WOULD YOU CARE FOR SOME TEA?

Monday, August 20

Art

Opening Scenes Of An As-Yet Unnumbered And Untitled Lyra Genevris Story, Though Possibly The Fourth, Girl Talk, Presented For Your Delectation

I climbed down from the stool and took a step back to survey the fruits of my labours.

The dummy was still a couple of inches taller than me, and that after shortening her legs twice. Other than that, she looked more like me than I presently did. She sported my usual fair skin and blonde curls, where I was now as brown as any South Isles pirate, and my hair was the raven pixie-cut of an Old High Kingdom lady.

Funny how things turn out.

The dummy had a melon for a head, but in the opinions of my mentor, my mother, and the captain of the city guard, so did I, so the resemblance was unmarred. From that head ran a slender cord of black-dyed hemp, through a pulley fastened to the rafter above, though a second pulley fastened to the supporting beam, through a third pulley bolted to the corner post of the building - I had been busy - and then down to my little cot tucked away under the eaves, neatly out of sight of the windows, skylight, and stairs.
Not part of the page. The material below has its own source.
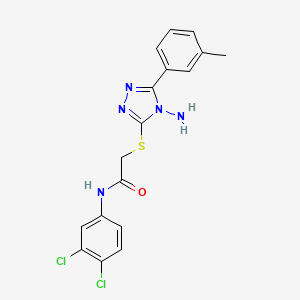molecular formula C17H15Cl2N5OS B2925153 2-((4-amino-5-(m-tolyl)-4H-1,2,4-triazol-3-yl)thio)-N-(3,4-dichlorophenyl)acetamide CAS No. 843617-16-3
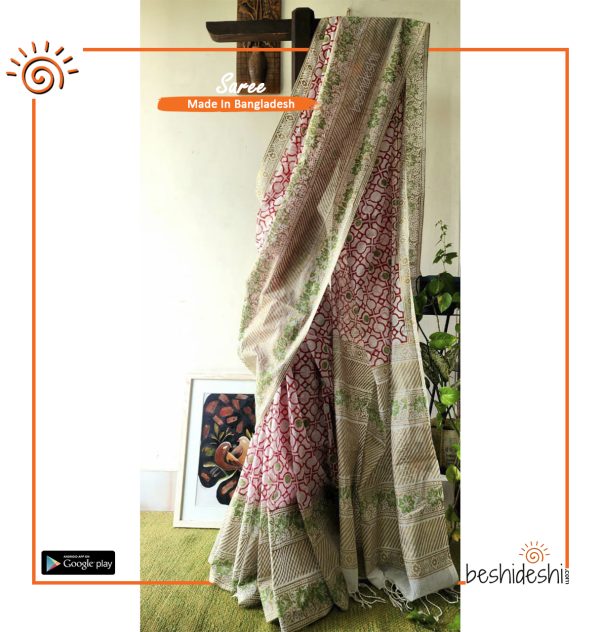 Suchitra Handloom Block Print Saree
By tugging precisely on that cord, I could animate the dummy to perform certain simple actions, courtesy of a couple of magical trinkets I had expropriated for the task. For example, two short gentle pulls would cause the dummy to close her book, sigh, and rub her brow, while a single lengthy draw on the rope -

The bolt shattered the window which I had replaced only yesterday, caught my dummy right between her painted eyes, splitting her poor head and showering the loft with melon seeds, lifted her bodily from her post, whipping the cord from my hand, carried her the length of the loft trailing my best wig and my second-best dress behind, and finally buried itself inches deep into the crossbeam above the far window.

Then it caught fire.

My name is Lyra, rune-carver, wire-drawer, weir-worker, princess-without-portfolio, and I’m almost certain that someone is trying to kill me.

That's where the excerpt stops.